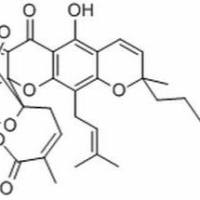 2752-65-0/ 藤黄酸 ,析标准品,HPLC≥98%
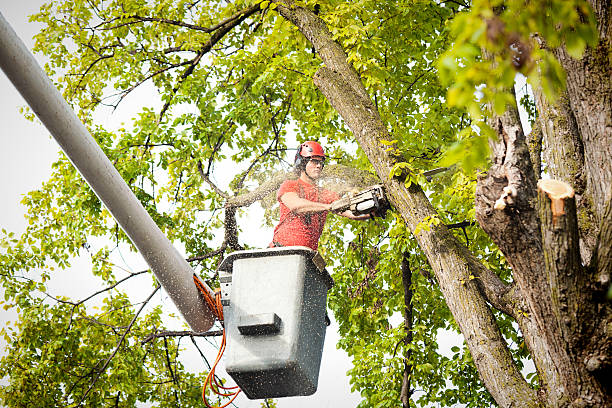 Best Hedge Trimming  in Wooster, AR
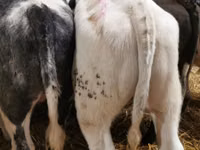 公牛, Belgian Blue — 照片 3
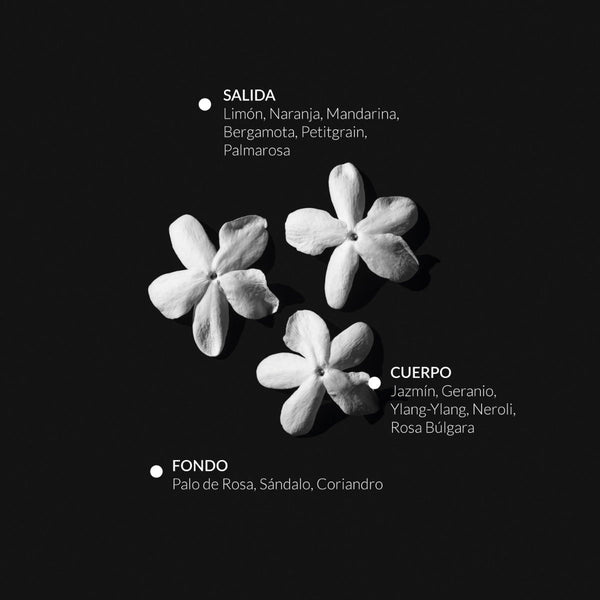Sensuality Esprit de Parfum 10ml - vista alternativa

════════

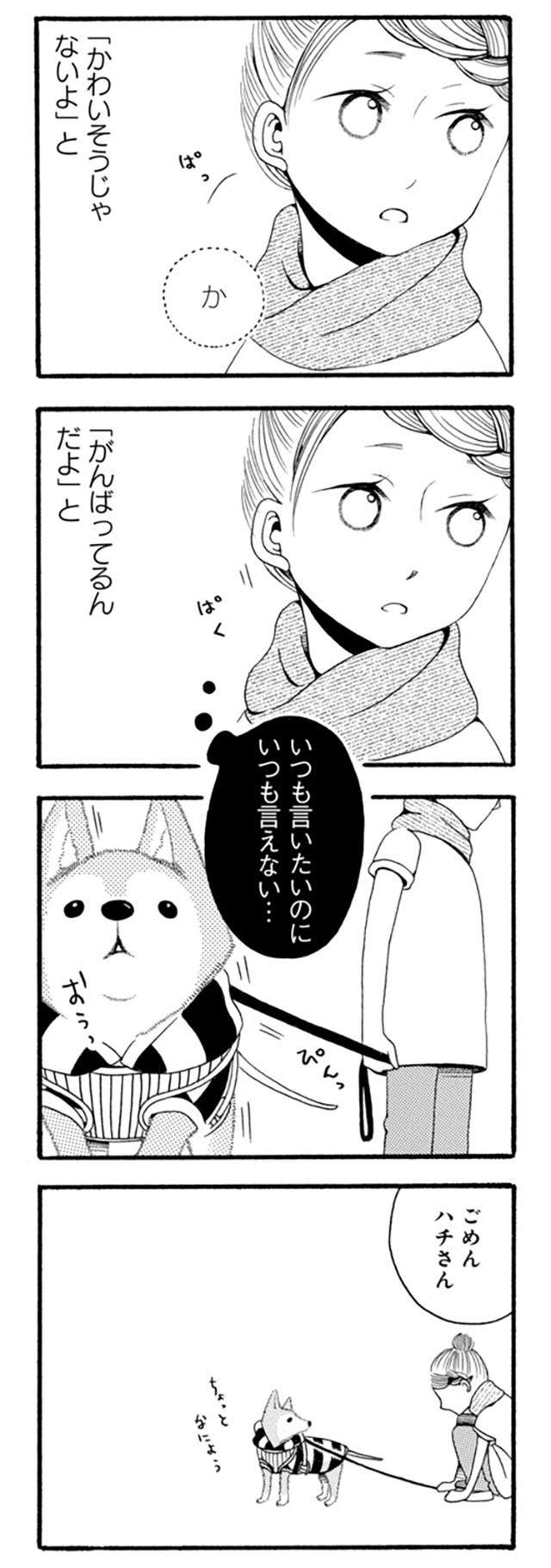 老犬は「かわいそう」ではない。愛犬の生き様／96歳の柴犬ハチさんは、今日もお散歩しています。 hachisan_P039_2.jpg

════════

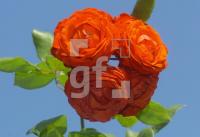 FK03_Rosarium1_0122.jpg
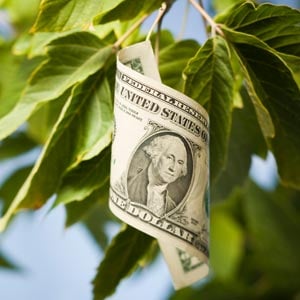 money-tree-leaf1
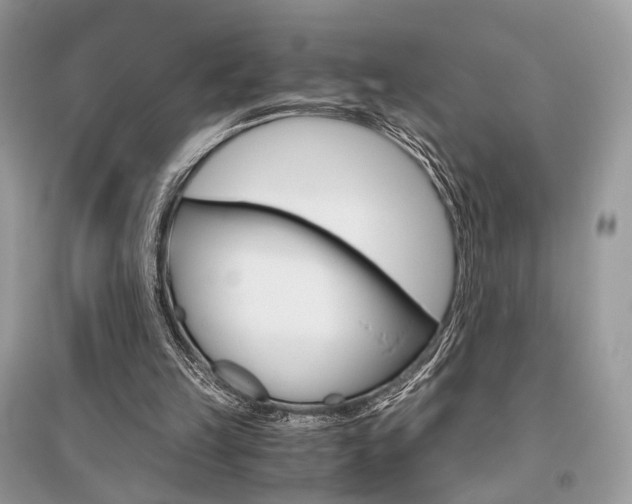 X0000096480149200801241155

════════

TASK TO CARRY OUT: Working from the entries above, please transcribe only the lines from the line with "公牛, Belgian Blue — 照片 3" through the line with "Sensuality Esprit de", exactly, with both end lines and without pictures.

ANSWER AREA:
 公牛, Belgian Blue — 照片 3
Sensuality Esprit de Parfum 10ml - vista alternativa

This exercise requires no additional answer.